• _EXERCISE_
Below are some records. Write out the lines from the one containing "GROHE 40856SD0 - Escorredor" to the last line, word for word, leaving out pictures.

(DATASET RECORDS Opens)

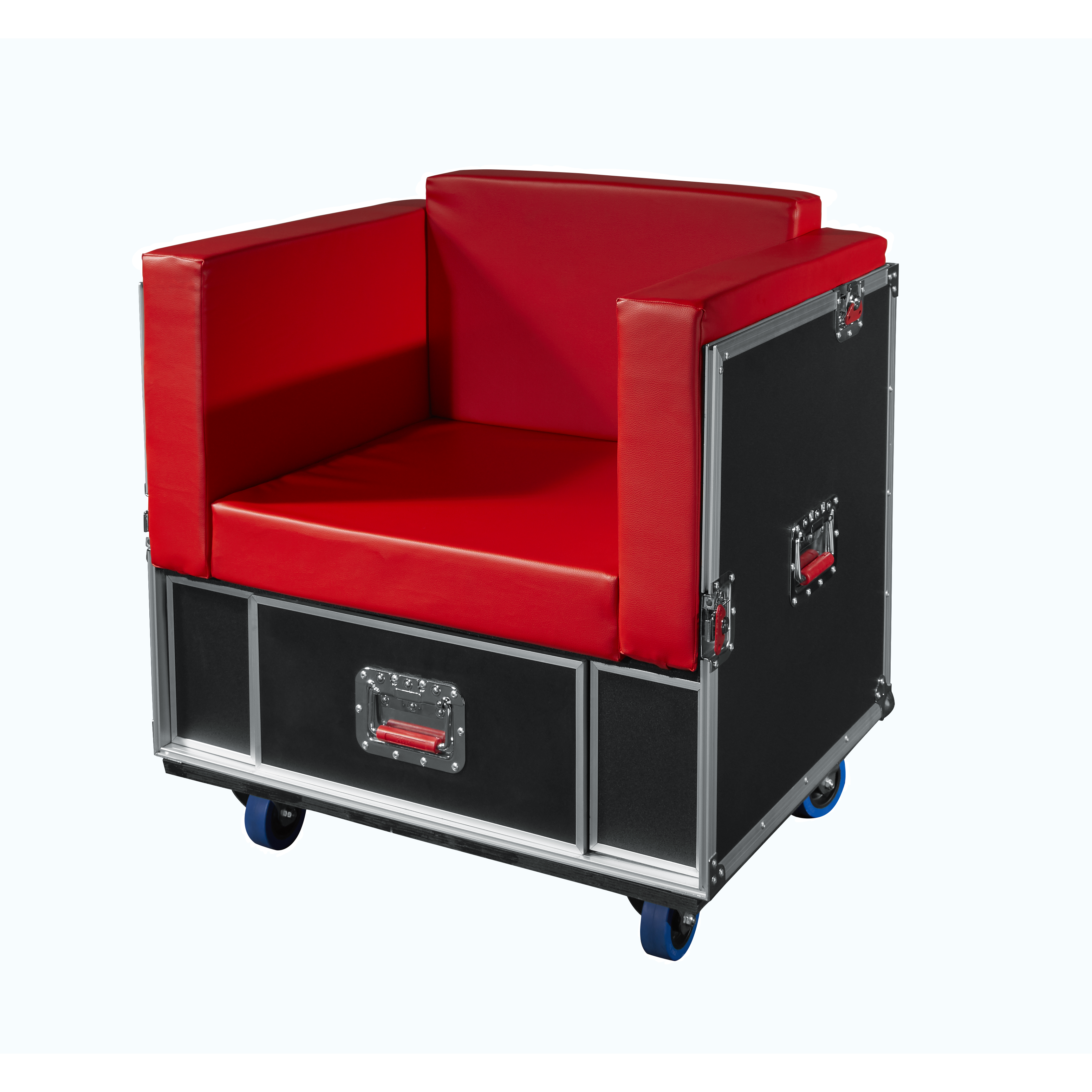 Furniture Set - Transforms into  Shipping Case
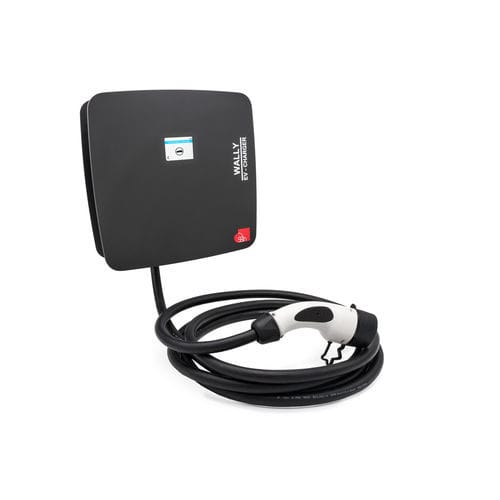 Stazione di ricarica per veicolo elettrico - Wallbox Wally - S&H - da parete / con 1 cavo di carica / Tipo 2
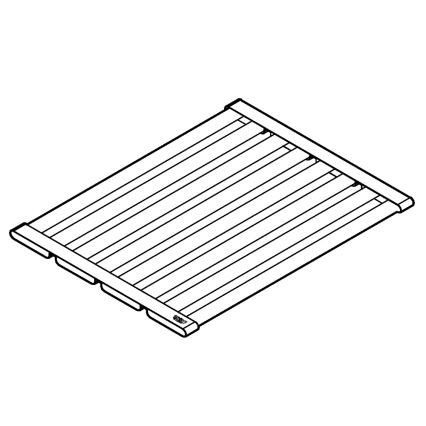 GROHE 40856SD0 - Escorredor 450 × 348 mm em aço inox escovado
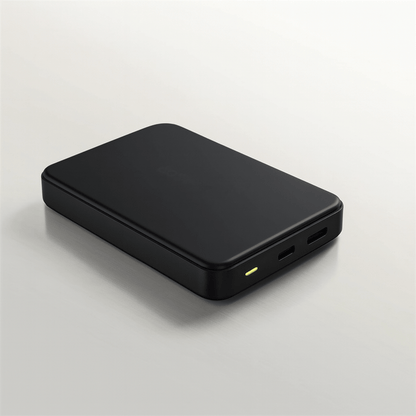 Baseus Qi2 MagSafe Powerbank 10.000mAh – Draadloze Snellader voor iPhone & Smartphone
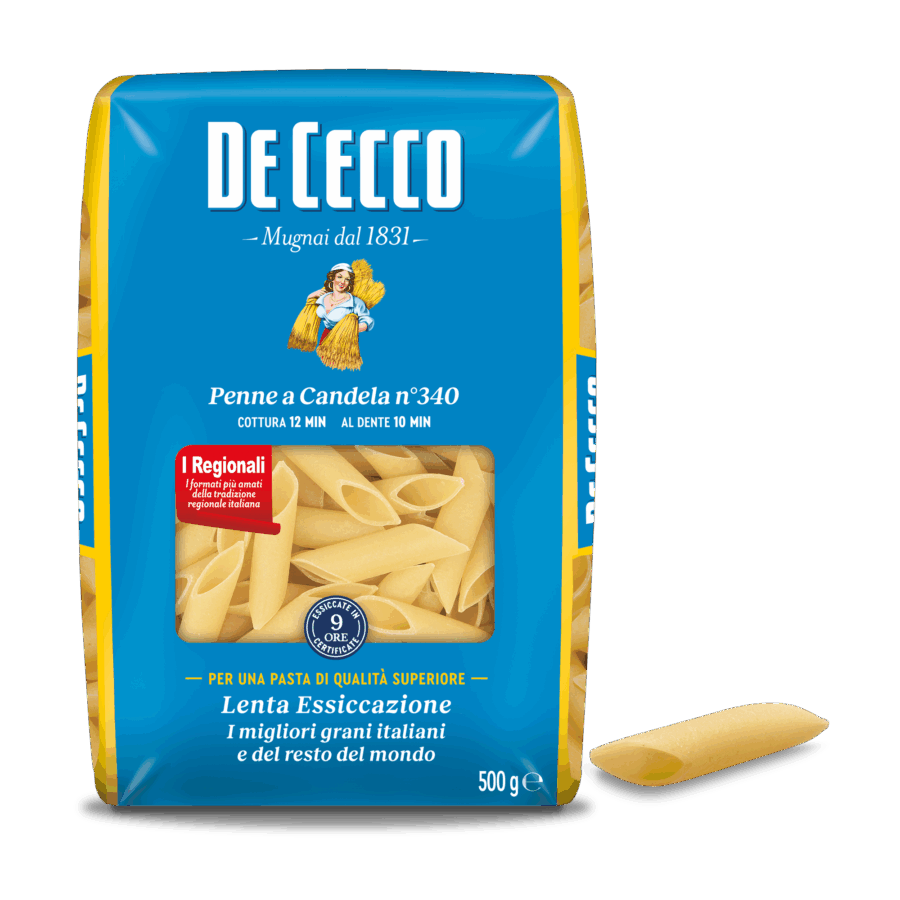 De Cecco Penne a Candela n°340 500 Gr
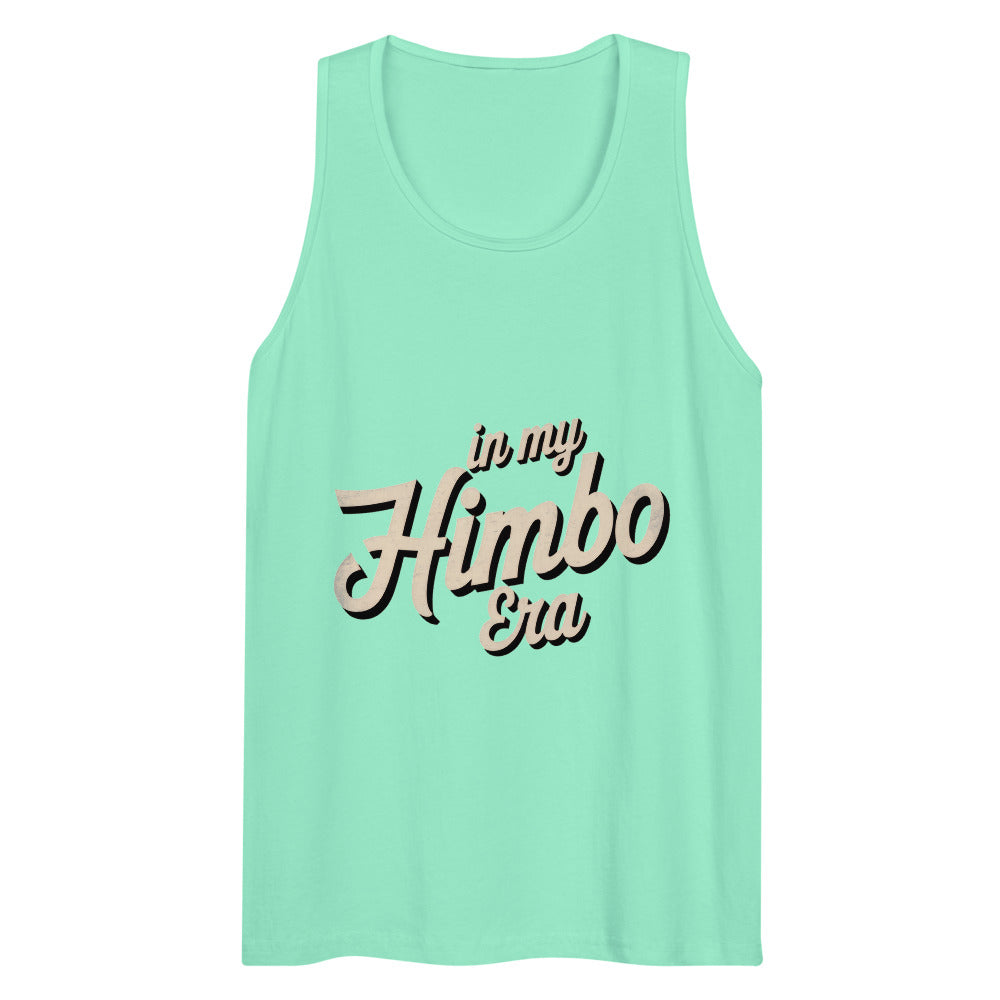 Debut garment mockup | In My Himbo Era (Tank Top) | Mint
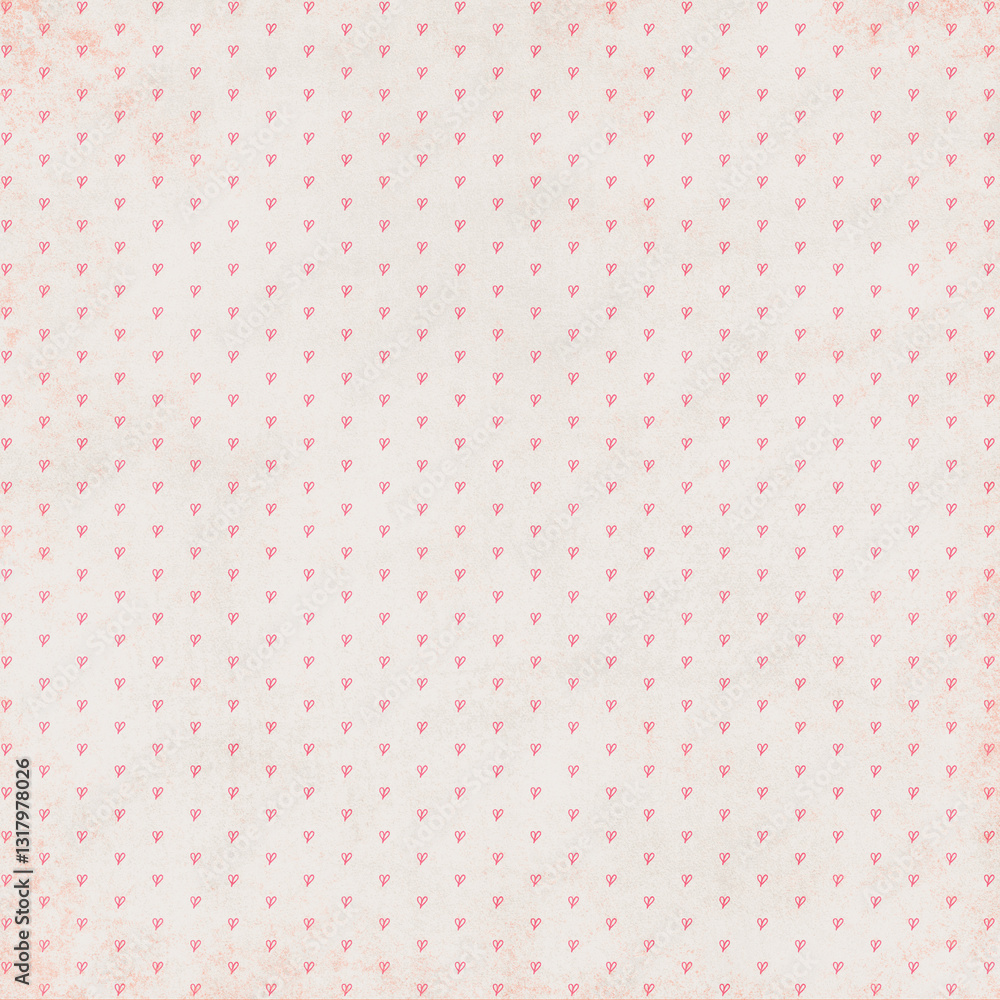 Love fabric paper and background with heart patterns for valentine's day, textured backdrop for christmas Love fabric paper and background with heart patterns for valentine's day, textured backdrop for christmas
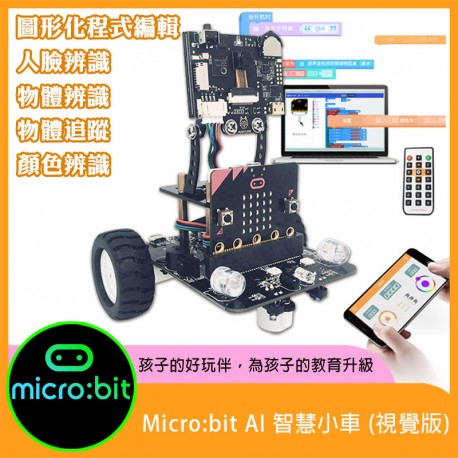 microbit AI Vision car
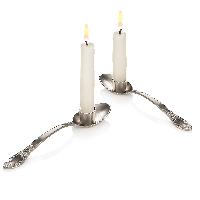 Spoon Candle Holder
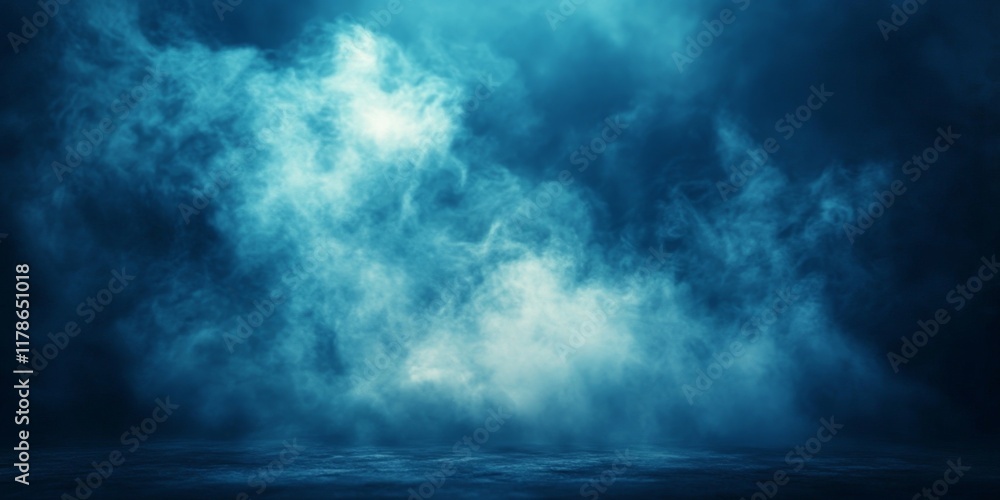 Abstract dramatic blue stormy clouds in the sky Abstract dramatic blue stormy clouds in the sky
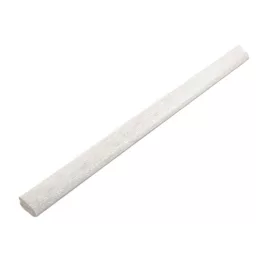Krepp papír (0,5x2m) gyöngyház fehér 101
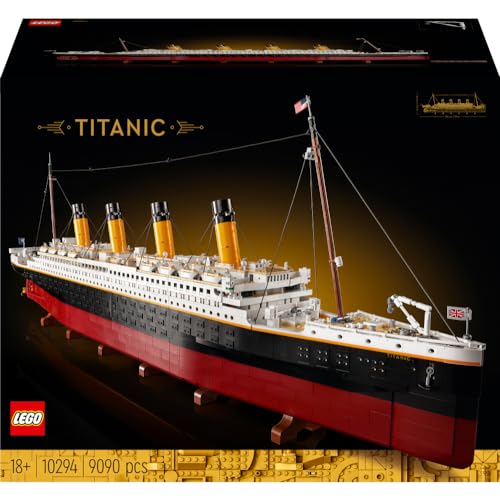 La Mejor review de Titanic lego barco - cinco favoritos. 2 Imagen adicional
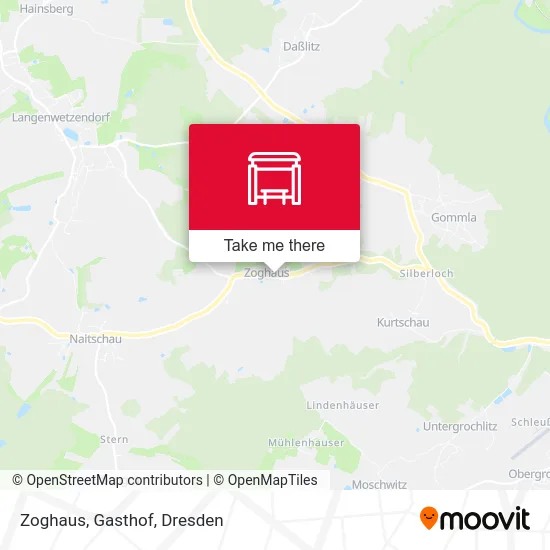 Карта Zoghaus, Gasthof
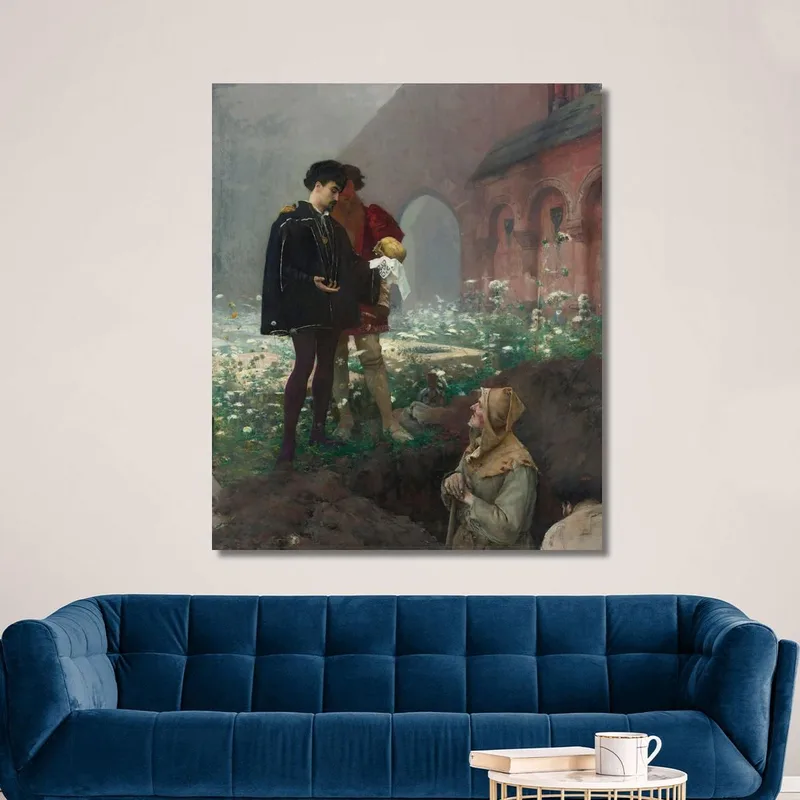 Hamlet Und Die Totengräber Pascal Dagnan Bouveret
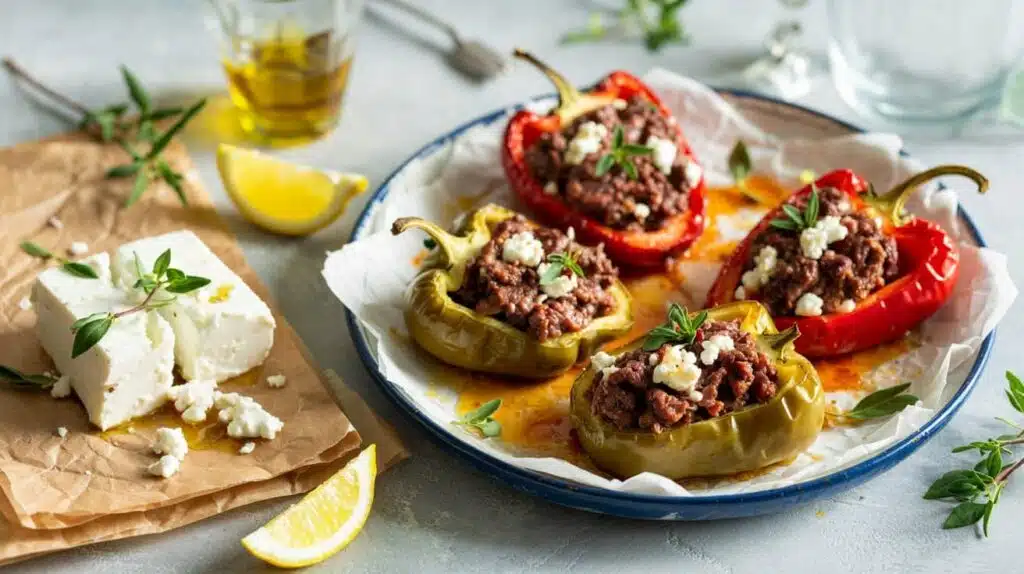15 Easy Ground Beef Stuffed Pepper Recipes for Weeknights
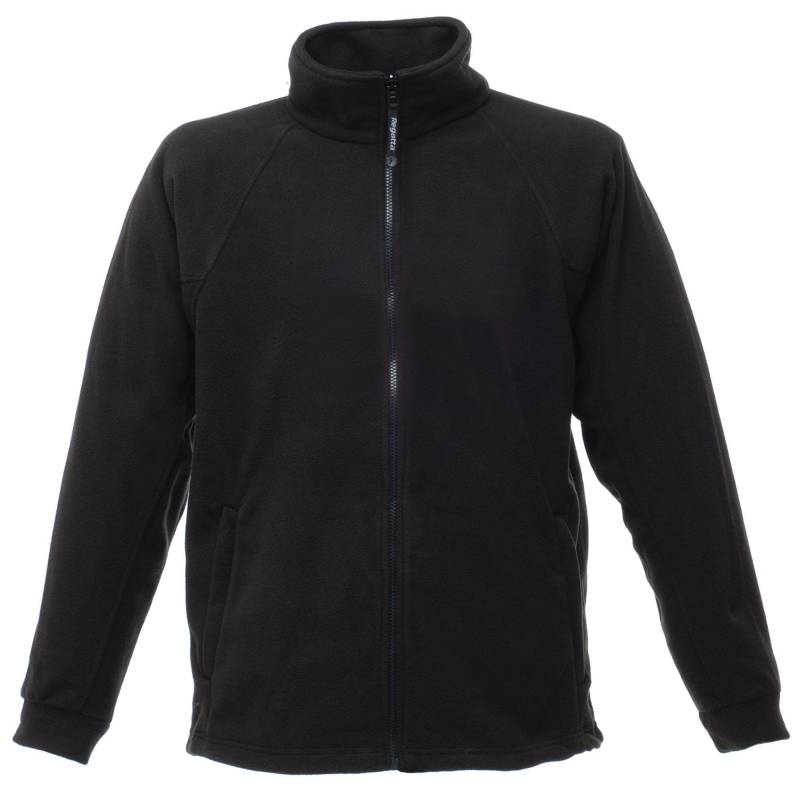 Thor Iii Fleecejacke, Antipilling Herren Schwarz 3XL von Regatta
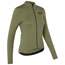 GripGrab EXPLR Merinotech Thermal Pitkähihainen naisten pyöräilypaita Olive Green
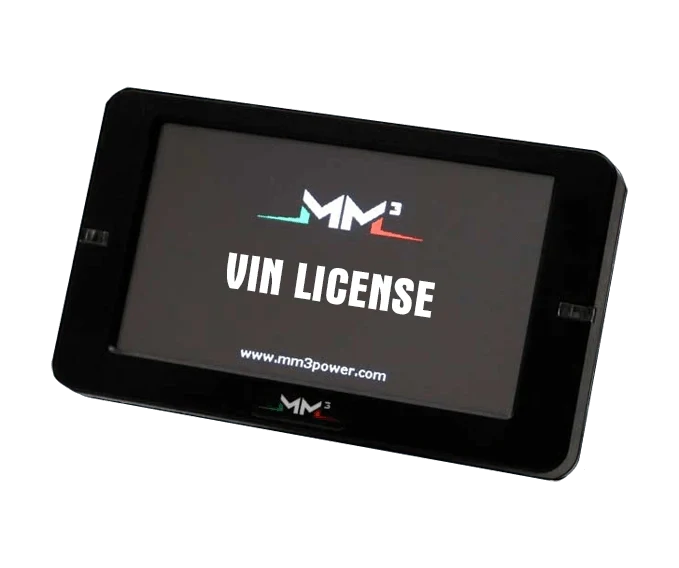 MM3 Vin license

(DATASET RECORDS Closes)

• _RESPONSE TO THIS TASK_
 GROHE 40856SD0 - Escorredor 450 × 348 mm em aço inox escovado
 Baseus Qi2 MagSafe Powerbank 10.000mAh – Draadloze Snellader voor iPhone & Smartphone
 De Cecco Penne a Candela n°340 500 Gr
 Debut garment mockup | In My Himbo Era (Tank Top) | Mint
 Love fabric paper and background with heart patterns for valentine's day, textured backdrop for christmas Love fabric paper and background with heart patterns for valentine's day, textured backdrop for christmas
 microbit AI Vision car
 Spoon Candle Holder
 Abstract dramatic blue stormy clouds in the sky Abstract dramatic blue stormy clouds in the sky
Krepp papír (0,5x2m) gyöngyház fehér 101
 La Mejor review de Titanic lego barco - cinco favoritos. 2 Imagen adicional
 Карта Zoghaus, Gasthof
 Hamlet Und Die Totengräber Pascal Dagnan Bouveret
15 Easy Ground Beef Stuffed Pepper Recipes for Weeknights
 Thor Iii Fleecejacke, Antipilling Herren Schwarz 3XL von Regatta
 GripGrab EXPLR Merinotech Thermal Pitkähihainen naisten pyöräilypaita Olive Green
 MM3 Vin license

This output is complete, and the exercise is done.